The European Commission has given a positive preliminary assessment to Romania’s fourth payment request under the Recovery and Resilience Facility, clearing an important procedural step towards the release of €2.62bn in EU recovery funding.
The request falls under the Recovery and Resilience Facility, the central instrument of NextGenerationEU, created to support reforms and investments after the Covid-19 pandemic. The Commission said Romania had satisfactorily completed 38 milestones and 24 targets linked to the payment request.
The assessment covers measures in several policy areas, including sustainable forest management, decarbonisation of transport and energy, tax administration, public pensions, healthcare infrastructure, social infrastructure for persons with disabilities, education, digitalisation, justice efficiency and anti-corruption.
The Commission’s decision does not mean the money will be transferred immediately. Its preliminary assessment has been sent to the Economic and Financial Committee, which has four weeks to issue an opinion. The payment can be made only after that opinion and after the Commission adopts a final payment decision.
Romania submitted the fourth payment request on 19 December 2025. The latest assessment therefore marks progress in a recovery plan that has faced scrutiny over implementation pace, fiscal reform and the need to complete remaining milestones before the facility closes.
One of the flagship measures cited by the Commission is the deployment of Romania’s governmental cloud. More than 30 public institutions have already been connected, with the measure intended to improve data-sharing across public administration and support more efficient digital services.
The payment request also includes reforms connected to transport and energy decarbonisation. These include higher ownership taxes on the most polluting vehicles and steps to reduce Romania’s reliance on coal-fired power generation. The Commission also cited changes to the tax framework designed to simplify procedures, reduce administrative burden and improve compliance.
The broader Romanian recovery and resilience plan is designed to support the country’s green and digital transitions, while also financing reforms in public administration, healthcare, education, justice and fiscal governance.
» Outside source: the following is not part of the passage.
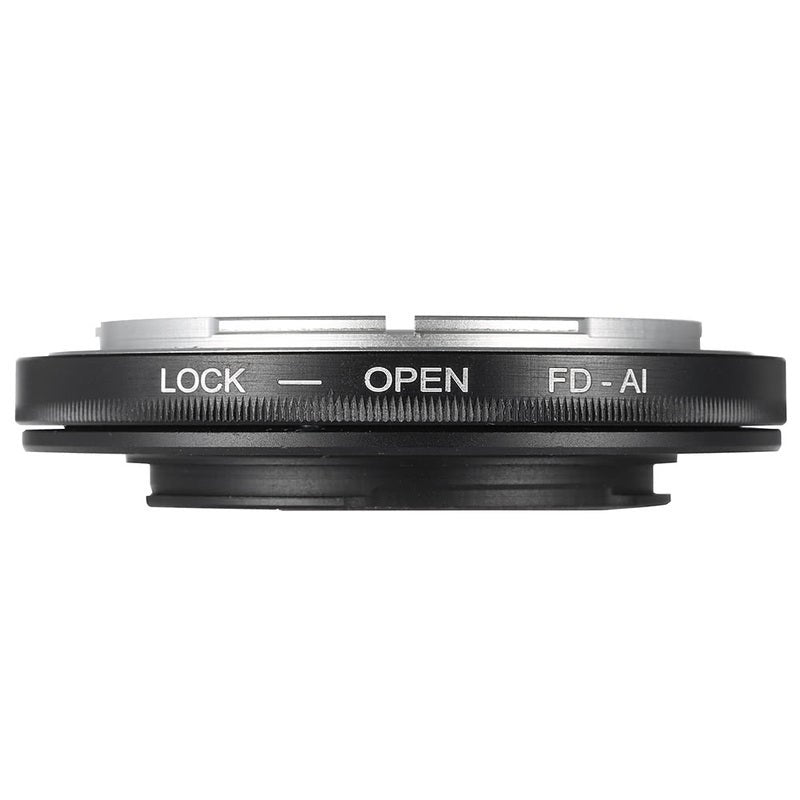 Fd Ai Mount Adapter Ring With Aperture Control For Canon To Fit Nikon Lenses Lens Adapters Mounts & Tubes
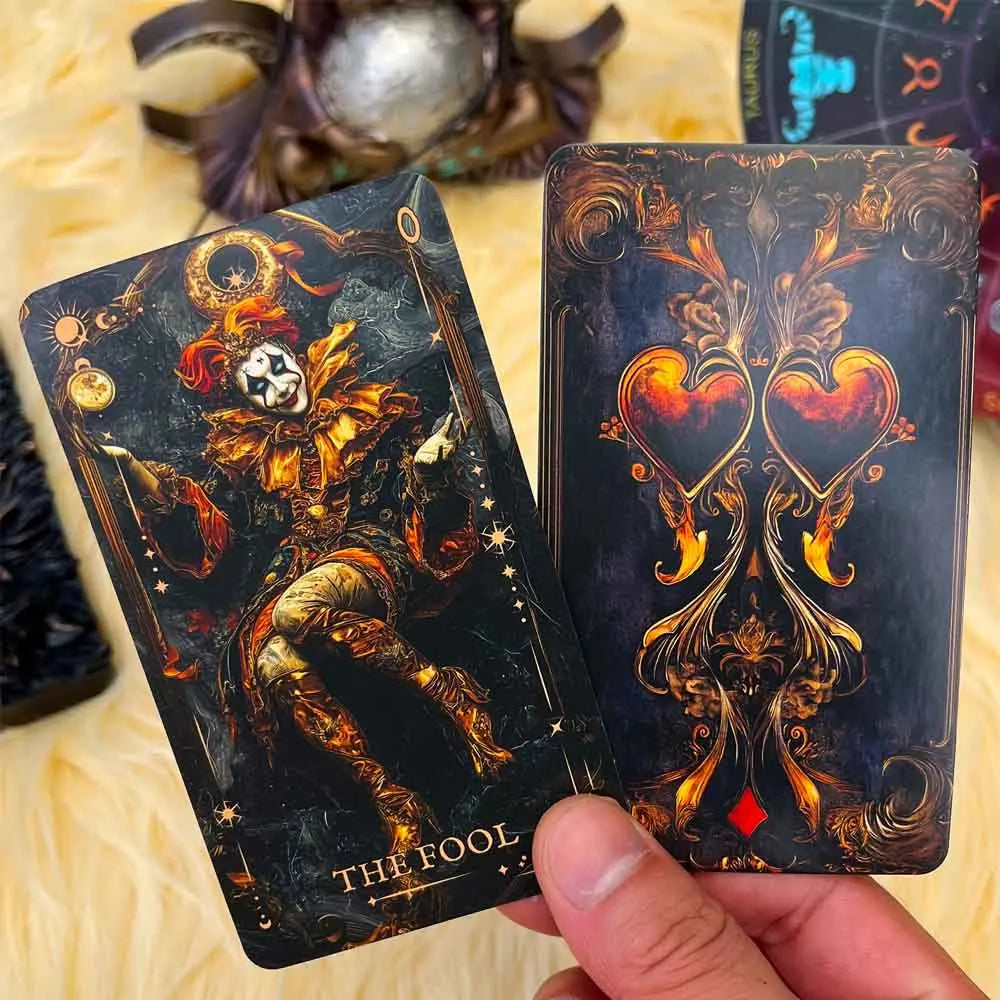 Magic Arcana Tarot Deck – 78 Card Divination Set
According to the Commission, Romania’s plan is financed by €21.41bn, made up of €13.57bn in grants and €7.84bn in loans. Once the fourth payment is made, the total amount paid to Romania under the RRF would reach €12.97bn, including pre-financing received in 2021 and 2022, and a REPowerEU pre-payment received in January 2024.
That would correspond to 60.6 per cent of all funds in Romania’s plan. The Commission also said 62 per cent of all milestones and targets in the plan had been assessed.
The timing is significant because the RRF is entering its final phase. Member states must implement all outstanding milestones and targets by August 2026 and submit final payment requests by the end of September 2026. This leaves limited time for national governments to complete remaining reforms and investments and to secure the full amount available under their plans.
For Romania, the payment would come at a sensitive moment for public finances and investment planning. Recovery funding remains important for major reform programmes, infrastructure upgrades and digitalisation projects, but access to each tranche depends on verified delivery of agreed milestones.